From a set of parts to an indivisible whole. Part I: Operations in a closed mode

TL;DR

This paper introduces a novel holistic method for information processing using iterative averaging, which reveals natural hierarchical structures in systems by bifurcating elements into subgroups without homogenization.

Contribution

The paper presents a new iterative averaging technique that uncovers natural hierarchies in systems through self-organization, differing from traditional homogenization approaches.

Findings

Iterative averaging causes systems to bifurcate into two subgroups.

The method reveals hierarchical relationships in diverse datasets.

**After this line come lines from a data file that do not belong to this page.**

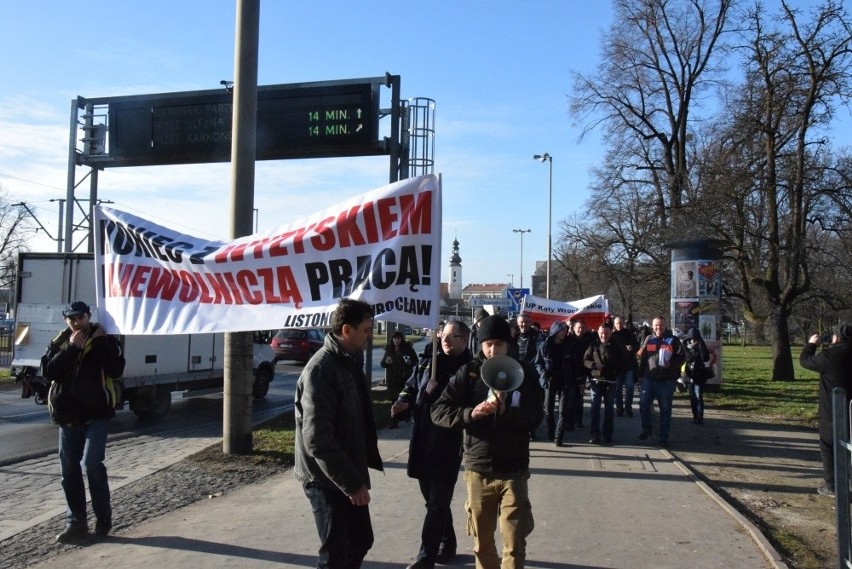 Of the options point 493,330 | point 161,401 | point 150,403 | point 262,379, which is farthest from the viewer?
point 262,379

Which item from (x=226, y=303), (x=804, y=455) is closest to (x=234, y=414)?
(x=226, y=303)

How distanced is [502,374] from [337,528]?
1.20 m

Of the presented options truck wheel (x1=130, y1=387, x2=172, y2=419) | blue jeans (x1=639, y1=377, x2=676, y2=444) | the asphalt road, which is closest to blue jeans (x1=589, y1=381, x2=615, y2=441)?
blue jeans (x1=639, y1=377, x2=676, y2=444)

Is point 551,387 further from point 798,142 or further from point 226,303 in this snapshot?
point 798,142

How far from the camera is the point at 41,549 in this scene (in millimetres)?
5914

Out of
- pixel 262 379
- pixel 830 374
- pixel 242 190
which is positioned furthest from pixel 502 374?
pixel 262 379

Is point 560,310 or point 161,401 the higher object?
point 560,310

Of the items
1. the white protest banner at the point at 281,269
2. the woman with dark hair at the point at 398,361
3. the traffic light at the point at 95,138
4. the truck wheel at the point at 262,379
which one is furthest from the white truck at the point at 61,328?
the white protest banner at the point at 281,269

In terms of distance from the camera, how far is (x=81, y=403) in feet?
19.4

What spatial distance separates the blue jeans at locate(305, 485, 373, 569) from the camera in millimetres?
3811

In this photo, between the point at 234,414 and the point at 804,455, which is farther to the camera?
the point at 804,455

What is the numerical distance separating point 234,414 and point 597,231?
3192 centimetres

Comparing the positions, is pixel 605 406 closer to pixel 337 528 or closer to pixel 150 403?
pixel 337 528

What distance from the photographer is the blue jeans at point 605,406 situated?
10859 millimetres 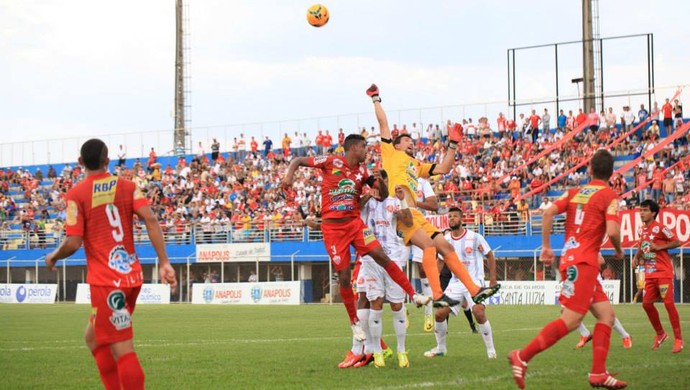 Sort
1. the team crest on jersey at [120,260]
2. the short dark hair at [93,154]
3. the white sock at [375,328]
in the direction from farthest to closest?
the white sock at [375,328] < the short dark hair at [93,154] < the team crest on jersey at [120,260]

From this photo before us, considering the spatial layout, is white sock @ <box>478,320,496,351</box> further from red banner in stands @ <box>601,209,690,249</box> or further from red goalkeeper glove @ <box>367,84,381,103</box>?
red banner in stands @ <box>601,209,690,249</box>

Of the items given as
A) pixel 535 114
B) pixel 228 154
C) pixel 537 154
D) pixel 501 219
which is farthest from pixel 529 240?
pixel 228 154

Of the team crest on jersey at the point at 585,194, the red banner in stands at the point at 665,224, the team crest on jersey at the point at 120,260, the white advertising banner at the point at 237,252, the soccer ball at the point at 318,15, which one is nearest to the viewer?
→ the team crest on jersey at the point at 120,260

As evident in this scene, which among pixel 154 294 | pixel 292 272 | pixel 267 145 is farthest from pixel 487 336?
pixel 267 145

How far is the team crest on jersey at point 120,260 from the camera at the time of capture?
870 cm

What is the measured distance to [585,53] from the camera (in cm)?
5453

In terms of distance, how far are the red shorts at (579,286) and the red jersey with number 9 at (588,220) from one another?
0.21ft

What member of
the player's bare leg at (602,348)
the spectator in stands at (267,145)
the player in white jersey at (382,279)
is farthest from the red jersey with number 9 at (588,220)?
the spectator in stands at (267,145)

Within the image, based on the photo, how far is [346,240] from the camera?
13.7 m

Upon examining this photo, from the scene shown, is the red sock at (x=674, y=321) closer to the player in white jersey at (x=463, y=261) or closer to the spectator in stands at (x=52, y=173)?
the player in white jersey at (x=463, y=261)

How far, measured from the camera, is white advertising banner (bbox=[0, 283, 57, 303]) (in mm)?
52062

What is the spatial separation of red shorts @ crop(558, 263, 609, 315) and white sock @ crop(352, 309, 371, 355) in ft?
13.4

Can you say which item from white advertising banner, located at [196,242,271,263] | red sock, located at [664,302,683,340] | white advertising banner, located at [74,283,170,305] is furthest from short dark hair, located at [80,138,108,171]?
white advertising banner, located at [74,283,170,305]

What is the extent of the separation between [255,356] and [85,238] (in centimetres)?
720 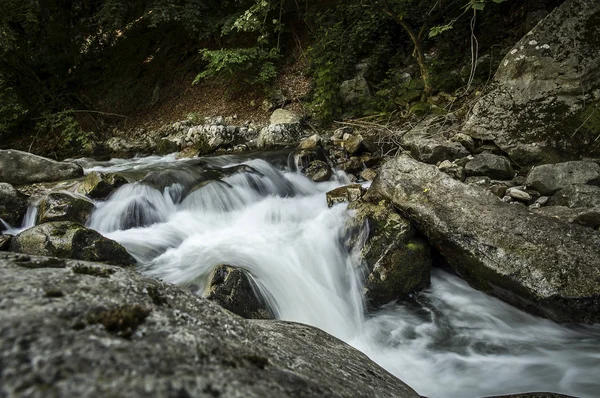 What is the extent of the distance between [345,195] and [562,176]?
10.3 feet

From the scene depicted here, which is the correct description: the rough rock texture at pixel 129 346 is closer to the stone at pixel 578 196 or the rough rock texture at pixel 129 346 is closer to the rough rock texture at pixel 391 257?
the rough rock texture at pixel 391 257

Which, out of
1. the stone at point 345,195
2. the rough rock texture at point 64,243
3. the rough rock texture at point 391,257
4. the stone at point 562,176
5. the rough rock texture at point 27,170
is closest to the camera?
the rough rock texture at point 64,243

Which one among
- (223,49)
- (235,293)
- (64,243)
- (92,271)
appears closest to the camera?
(92,271)

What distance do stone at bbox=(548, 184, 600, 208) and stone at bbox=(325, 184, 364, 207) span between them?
2.72 meters

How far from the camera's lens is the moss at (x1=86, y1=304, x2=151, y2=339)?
109cm

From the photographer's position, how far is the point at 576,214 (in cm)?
405

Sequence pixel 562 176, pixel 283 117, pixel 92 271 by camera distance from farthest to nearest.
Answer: pixel 283 117 → pixel 562 176 → pixel 92 271

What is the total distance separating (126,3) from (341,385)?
13.5m

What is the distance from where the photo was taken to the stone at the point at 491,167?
18.2 feet

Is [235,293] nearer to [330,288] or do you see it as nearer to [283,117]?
[330,288]

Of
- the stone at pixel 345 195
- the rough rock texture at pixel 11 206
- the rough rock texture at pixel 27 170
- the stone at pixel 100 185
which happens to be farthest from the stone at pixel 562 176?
the rough rock texture at pixel 27 170

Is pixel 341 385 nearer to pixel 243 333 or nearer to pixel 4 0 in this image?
pixel 243 333

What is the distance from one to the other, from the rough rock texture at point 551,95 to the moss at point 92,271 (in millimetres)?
6404

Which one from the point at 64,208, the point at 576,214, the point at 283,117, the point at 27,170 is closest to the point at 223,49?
the point at 283,117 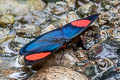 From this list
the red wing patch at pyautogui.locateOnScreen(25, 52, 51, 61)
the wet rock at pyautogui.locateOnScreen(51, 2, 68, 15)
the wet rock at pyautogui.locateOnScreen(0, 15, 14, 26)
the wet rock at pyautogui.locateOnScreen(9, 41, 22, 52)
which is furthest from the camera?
the wet rock at pyautogui.locateOnScreen(51, 2, 68, 15)

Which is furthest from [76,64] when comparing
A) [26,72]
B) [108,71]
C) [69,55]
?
[26,72]

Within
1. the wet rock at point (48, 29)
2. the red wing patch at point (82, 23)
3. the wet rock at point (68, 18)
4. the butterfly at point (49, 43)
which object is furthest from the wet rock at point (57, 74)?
the wet rock at point (68, 18)

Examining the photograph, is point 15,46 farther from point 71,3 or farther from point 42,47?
point 71,3

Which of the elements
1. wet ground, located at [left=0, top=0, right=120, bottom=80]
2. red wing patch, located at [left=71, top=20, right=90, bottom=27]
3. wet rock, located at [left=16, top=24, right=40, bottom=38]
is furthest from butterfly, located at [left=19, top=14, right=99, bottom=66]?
wet rock, located at [left=16, top=24, right=40, bottom=38]

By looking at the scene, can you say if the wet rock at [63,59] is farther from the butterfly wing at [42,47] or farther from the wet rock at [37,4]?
the wet rock at [37,4]

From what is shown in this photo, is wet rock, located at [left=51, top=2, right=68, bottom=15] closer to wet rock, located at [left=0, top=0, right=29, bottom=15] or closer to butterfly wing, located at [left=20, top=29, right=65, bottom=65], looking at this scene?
wet rock, located at [left=0, top=0, right=29, bottom=15] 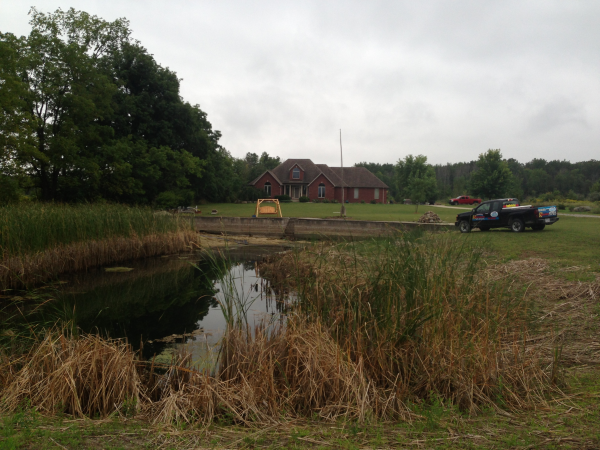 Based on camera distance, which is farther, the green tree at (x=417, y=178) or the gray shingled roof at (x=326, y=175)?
the gray shingled roof at (x=326, y=175)

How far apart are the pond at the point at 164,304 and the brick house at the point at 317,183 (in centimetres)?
4428

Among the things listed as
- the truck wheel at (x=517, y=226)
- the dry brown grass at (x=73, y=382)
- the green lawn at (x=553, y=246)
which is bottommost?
the dry brown grass at (x=73, y=382)

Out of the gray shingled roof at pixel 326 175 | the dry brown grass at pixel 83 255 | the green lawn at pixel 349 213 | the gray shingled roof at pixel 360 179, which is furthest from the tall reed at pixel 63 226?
the gray shingled roof at pixel 360 179

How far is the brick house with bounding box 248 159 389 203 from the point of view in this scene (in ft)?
195

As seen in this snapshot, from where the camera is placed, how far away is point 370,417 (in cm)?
387

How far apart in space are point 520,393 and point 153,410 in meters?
3.45

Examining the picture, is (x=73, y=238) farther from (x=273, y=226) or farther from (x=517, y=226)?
(x=517, y=226)

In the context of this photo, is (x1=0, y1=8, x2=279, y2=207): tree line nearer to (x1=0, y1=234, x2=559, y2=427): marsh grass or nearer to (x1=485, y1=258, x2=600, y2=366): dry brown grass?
(x1=0, y1=234, x2=559, y2=427): marsh grass

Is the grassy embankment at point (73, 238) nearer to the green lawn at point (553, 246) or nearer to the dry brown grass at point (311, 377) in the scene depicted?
the dry brown grass at point (311, 377)

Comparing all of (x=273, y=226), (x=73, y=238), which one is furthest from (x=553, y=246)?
(x=273, y=226)

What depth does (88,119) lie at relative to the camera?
87.0 feet

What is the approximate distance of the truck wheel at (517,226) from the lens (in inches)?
721

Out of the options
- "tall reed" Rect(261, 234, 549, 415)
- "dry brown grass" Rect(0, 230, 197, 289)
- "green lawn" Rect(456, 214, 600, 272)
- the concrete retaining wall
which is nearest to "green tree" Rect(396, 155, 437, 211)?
the concrete retaining wall

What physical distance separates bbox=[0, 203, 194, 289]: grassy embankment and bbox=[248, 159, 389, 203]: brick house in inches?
1611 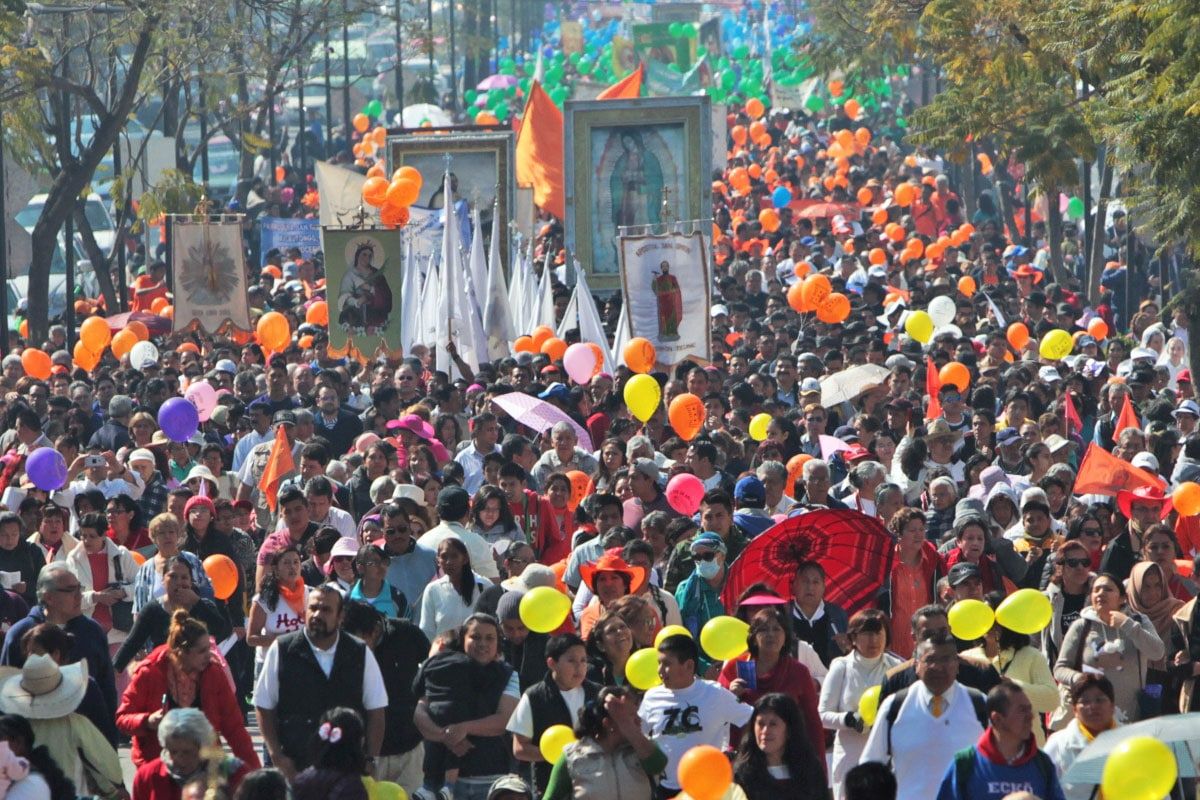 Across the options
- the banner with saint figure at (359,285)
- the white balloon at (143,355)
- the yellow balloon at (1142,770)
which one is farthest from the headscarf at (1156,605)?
the banner with saint figure at (359,285)

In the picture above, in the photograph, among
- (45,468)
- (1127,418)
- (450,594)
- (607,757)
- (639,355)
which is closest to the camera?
(607,757)

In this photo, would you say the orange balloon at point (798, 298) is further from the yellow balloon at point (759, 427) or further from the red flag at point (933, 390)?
the yellow balloon at point (759, 427)

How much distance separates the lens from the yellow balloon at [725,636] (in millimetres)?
8930

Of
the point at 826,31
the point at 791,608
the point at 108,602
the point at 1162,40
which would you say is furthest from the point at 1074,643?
the point at 826,31

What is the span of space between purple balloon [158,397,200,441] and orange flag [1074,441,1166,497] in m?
5.54

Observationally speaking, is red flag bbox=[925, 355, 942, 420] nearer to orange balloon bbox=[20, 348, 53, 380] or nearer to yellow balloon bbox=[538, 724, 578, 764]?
orange balloon bbox=[20, 348, 53, 380]

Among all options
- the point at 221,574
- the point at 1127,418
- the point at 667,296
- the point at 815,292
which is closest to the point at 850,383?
the point at 1127,418

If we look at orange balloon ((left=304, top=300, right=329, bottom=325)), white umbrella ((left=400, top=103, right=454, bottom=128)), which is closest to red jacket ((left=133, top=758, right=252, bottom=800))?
orange balloon ((left=304, top=300, right=329, bottom=325))

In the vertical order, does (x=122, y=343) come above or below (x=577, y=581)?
above

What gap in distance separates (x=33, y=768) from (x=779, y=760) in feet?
7.47

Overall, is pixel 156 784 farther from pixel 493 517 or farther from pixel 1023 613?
pixel 493 517

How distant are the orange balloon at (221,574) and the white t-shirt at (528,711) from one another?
10.4 ft

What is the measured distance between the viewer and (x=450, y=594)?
1027cm

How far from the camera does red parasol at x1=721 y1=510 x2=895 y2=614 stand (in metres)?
10.1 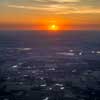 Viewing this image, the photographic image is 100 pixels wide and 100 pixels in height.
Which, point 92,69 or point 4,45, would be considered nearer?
point 92,69

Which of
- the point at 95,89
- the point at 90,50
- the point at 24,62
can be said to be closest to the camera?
the point at 95,89

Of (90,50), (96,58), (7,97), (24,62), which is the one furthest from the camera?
(90,50)

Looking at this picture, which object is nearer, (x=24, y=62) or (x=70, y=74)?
(x=70, y=74)

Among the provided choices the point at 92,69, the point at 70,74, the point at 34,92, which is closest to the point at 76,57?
the point at 92,69

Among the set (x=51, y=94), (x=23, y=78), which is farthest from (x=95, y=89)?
(x=23, y=78)

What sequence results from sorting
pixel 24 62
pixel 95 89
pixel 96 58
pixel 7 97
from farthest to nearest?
1. pixel 96 58
2. pixel 24 62
3. pixel 95 89
4. pixel 7 97

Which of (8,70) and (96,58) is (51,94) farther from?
(96,58)

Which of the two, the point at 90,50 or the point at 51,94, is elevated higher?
the point at 51,94

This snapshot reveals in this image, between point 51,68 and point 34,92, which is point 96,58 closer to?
point 51,68

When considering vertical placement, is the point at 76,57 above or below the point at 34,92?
below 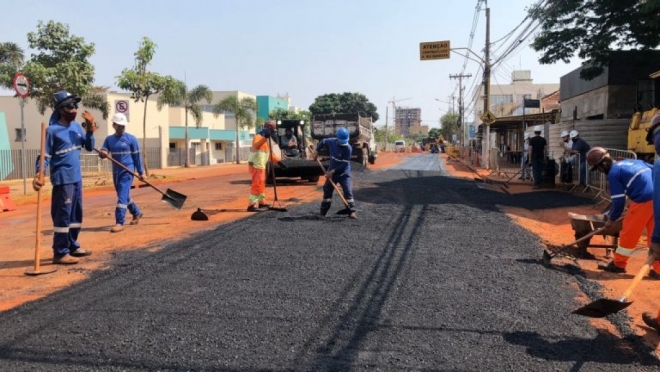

Application examples include meteorological and demographic data.

Abstract

This paper provides a description of a new method for information processing based on holistic approach wherein analysis is a direct product of synthesis. The core of the method is iterative averaging of all the elements of a system according to all the parameters describing the elements. Contrary to common logic, the iterative averaging of a system's elements does not result in homogenization of the system; instead, it causes an obligatory subdivision of the system into two alternative subgroups, leaving no outliers. Within each of the formed subgroups, similarity coefficients between the elements reach the value of 1, whereas similarity coefficients between the elements of different subgroups equal a certain constant value greater than 0 but lower than 1. When subjected to iterative averaging, any system consisting of three or more elements of which at least two elements are not completely identical undergo such a process of bifurcation that occurs non-linearly. Successive iterative averaging of each of the forming subgroups eventually provides a hierarchical system that reflects relationships between the elements of an input system under analysis. We propose a definition of a natural hierarchy that can exist only in conditions of closeness of a system and can be discovered upon providing such an effect onto a system which allows its elements interact with each other based on the principle of self-organization. Self-organization can be achieved through an overall and total cross-averaging of a system's elements. We demonstrate the application potentials of the proposed technology on a number of examples, including a system of scattered points, randomized datasets, as well as meteorological and demographical datasets.